During the rebuttal and discussion phase, we have addressed all raised concerns and questions as follows:
-
Handling long CoTs and scaling (R-A4Mp): We clarified and demonstrated strong performance on datasets with extremely long, noisy reasoning traces (e.g., Codeforces-CoTs, avg. 12.8k tokens/solution), showing our framework extracts clean, verifiable steps even under such conditions.
-
Small training sets and fair comparison (R-A4Mp, R-UED6): All methods start from identical seed data; we normalize compute budgets via token-count–adjusted epochs, ensuring gains stem from structured curricula, not more seed data.
-
Baseline breadth and competitive comparisons (R-A4Mp, R-UED6, R-nBar): We added results against direct distillation, MuggleMath, and the competitive public baseline, showing consistent gains. Our method also enhances reasoning-capable models (e.g., DeepSeek-R1-Distill-Qwen-1.5B).
-
Generalization beyond math (R-eiT7, R-UED6, R-nBar): We demonstrated cross-domain, cross-language, and out-of-distribution benefits, including MATH→AIME2025, AIME2024→AIME2025, and Codeforces→HumanEval.
-
Teacher model dependence (R-UED6, R-nBar): While current results use strong teacher models and small student models, our design includes verification/retry to mitigate noise and naturally supports future “weak-to-strong” and self-improvement scenarios.

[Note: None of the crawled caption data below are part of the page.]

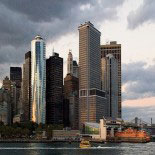 NY from the Water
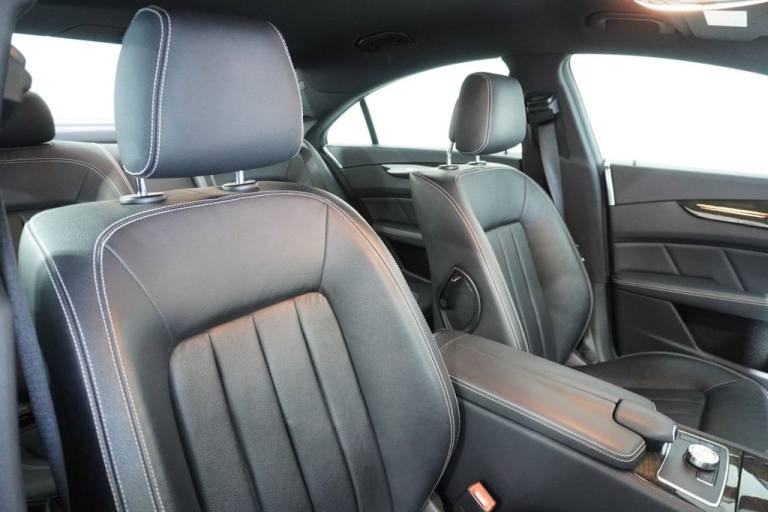 2013 Mercedes-Benz CLS CLS 250 CDI BlueEFFICIENCY Sport 4dr Tip Auto COUPE DIESEL Automatic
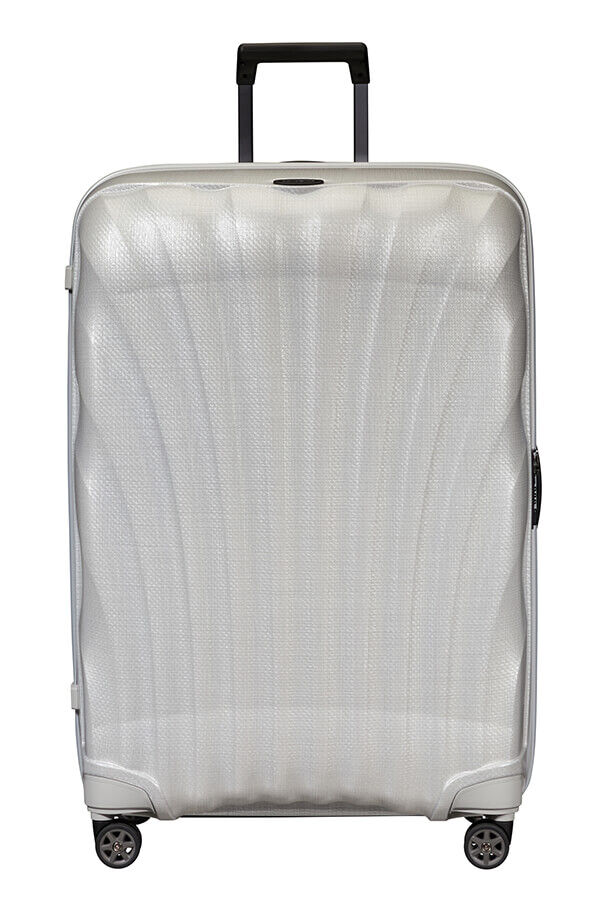 Samsonite C-Lite Spinner 81cm  Offwhite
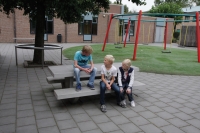 Picknickbank basisschool De Stroom  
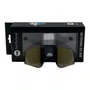LENTE OCULOS HB EDGE S GOLD CHROME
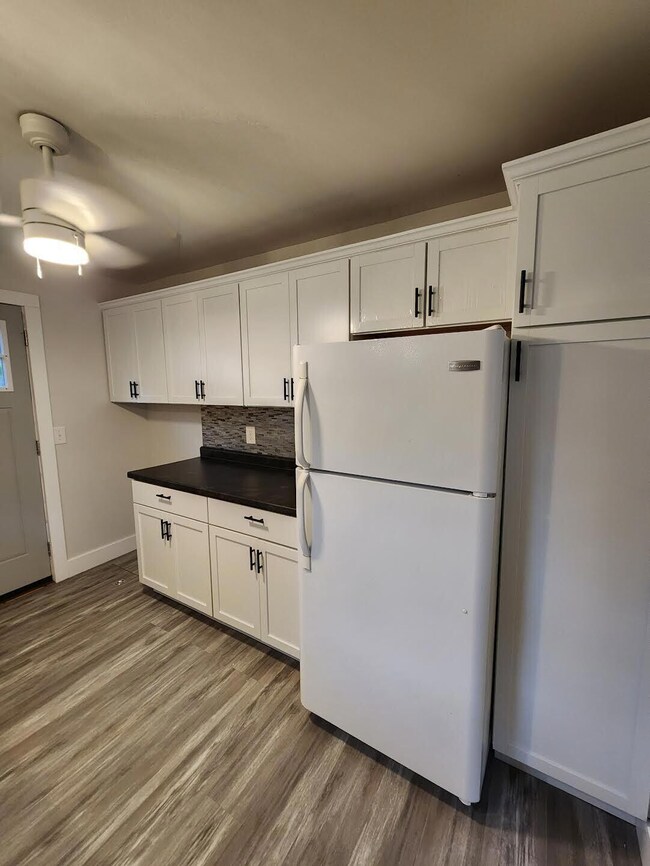 Kitchen 1 view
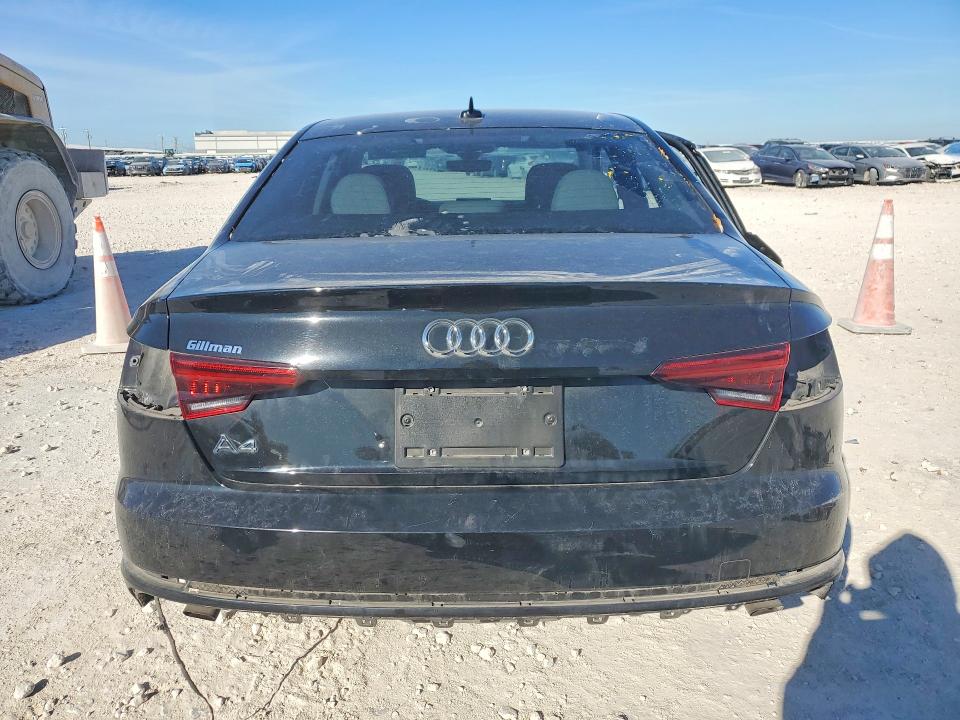 45543456 :رقم المزاد ، WAUGMAF45KA013081 vin ، 2019 Audi A4 مزاد بيع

We also incorporated reviewer suggestions to discuss educational applications (e.g., automatic scaffolding, dynamic curriculum design), broader applicability to structured reasoning domains, and potential future work combining decomposition with large-scale distillation.
We believe these clarifications and additional experiments address the raised concerns and further strengthen the case for the significance, generality, and robustness of our proposed method.
This paper received three borderline accept and one accept rating. The authors raised some concerns, which were mostly addressed in the rebuttal by authors. The reviewers appreciate, the novelty of the method, the clear writing, and the insightful discussion. The AC agrees that the paper should be accepted.